DIY venues provide healthy spaces for cultural expression, particularly for groups marginalized by popular culture. While more traditional venues may be off limits to fringe artistic disciplines, or artists from gender or ethnic minorities may have trouble breaking through the status quo, DIY house shows presented in these spaces serve as incubators and safe spaces that generate invaluable cultural capital while serving as a welcoming home for people from all walks of live.
In a word, they are indispensable community spaces in an increasingly alienated world.

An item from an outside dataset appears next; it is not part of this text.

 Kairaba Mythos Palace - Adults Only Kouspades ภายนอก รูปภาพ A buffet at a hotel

Yet, five weeks out from the disaster in Oakland, the media is rife with dismissive language, labeling the Ghost Ship fire event that was underway when the fire struck a “rave” and reenforcing the idea that such spaces are hotbeds of hedonism. Venues have been shut down by authorities across the nation – including the Bell Foundry in Baltimore, Drkmttr in Nashville, and Rhinoceropolis in Denver – depriving communities of much needed access to social and culture life.
Also under threat are the innovative living practices promoted by such spaces. Ghost Ship – like many other DIY art spaces across the country – was a “live-work” space that circumvented prohibitively high housing costs by creating a multi-purpose structure. In an era of over-development and poor space usage, these inventive community centers push boundaries and encourage us to rethink the space around us.

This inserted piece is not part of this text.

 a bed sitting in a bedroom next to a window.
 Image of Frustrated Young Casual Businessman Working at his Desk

The issue often revolves around proper safety conditions being met (which can be prohibitively expensive for non-profit generating DIY spaces) and zoning laws. If city authorities can acknowledge how such spaces contribute to the local creative economy, they can surely construct innovative laws and reach out to such spaces to ensure that safety conditions are met, neighborhoods near such venues do not experience undo stress, and the spaces can go on being safe havens for the diversity that makes city life worthwhile and enriching.
Another factor that should encourage authorities to take a proactive, pro-social approach to DIY art spaces is that the anti-DIY backlash following the Ghost Sip fire has given breathing room for the racist far-right, which has lashed out at these decidedly pro-social environments, using hotlines to report them and compiling lists on websites such as 4chan.

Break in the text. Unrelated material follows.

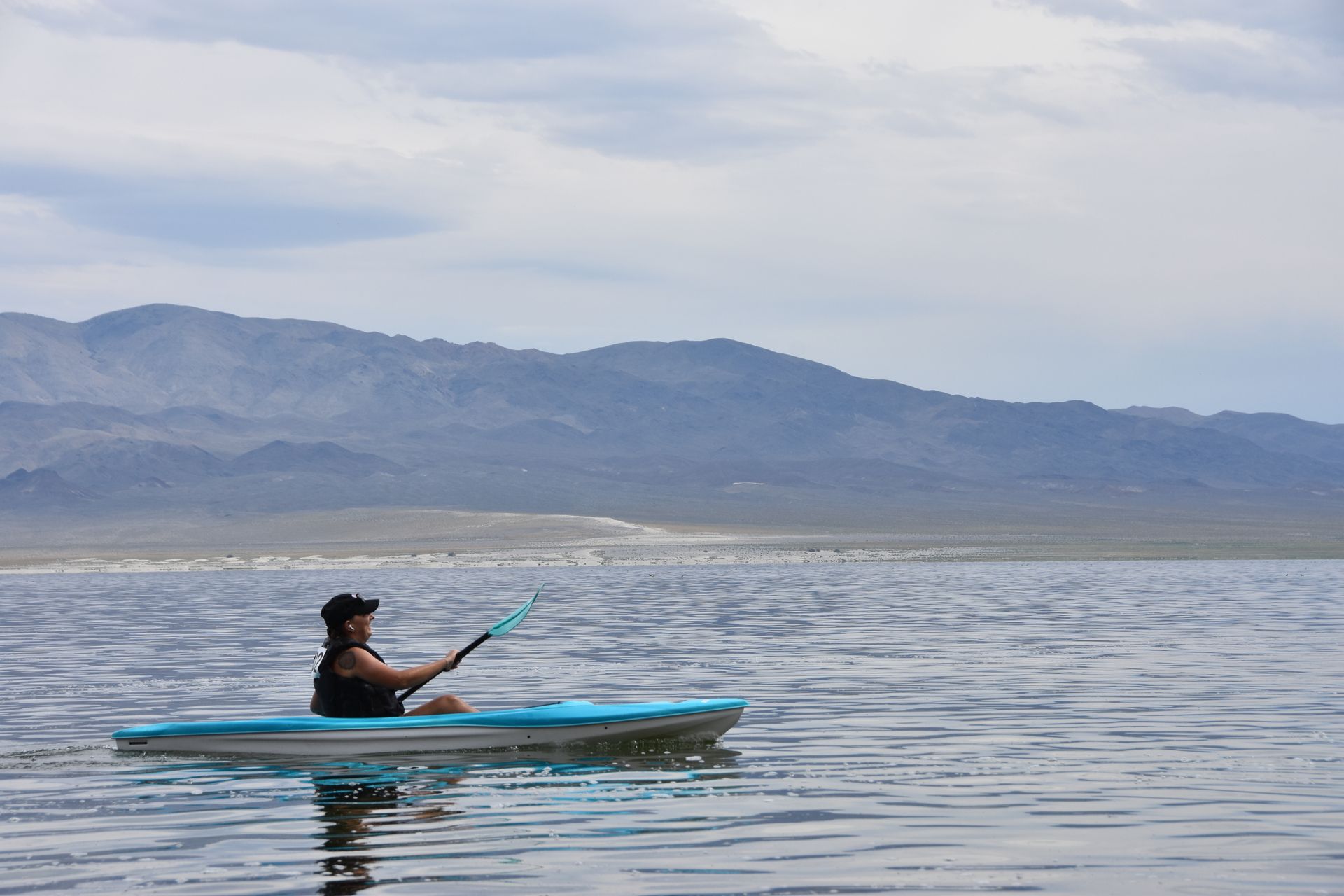 A man is paddling a kayak on a lake with mountains in the background.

An original post on 4chan – a popular online destination for the “alt-right” – was quite blunt:
These places are open hotbeds of liberal radicalism and degeneracy and now YOU can stop them by reporting all such places you may be or may become aware of to the authorities, specifically the local fire marshel [sic].
When neo-nazi sympathizers see an avenue for marginalizing vulnerable groups of people, it is a responsibility of public leaders to step up. These spaces are more important than ever considering the social climate we inhabit. Thoughtful city officials across the nation should take note and support DIY art spaces instead of criminalizing them.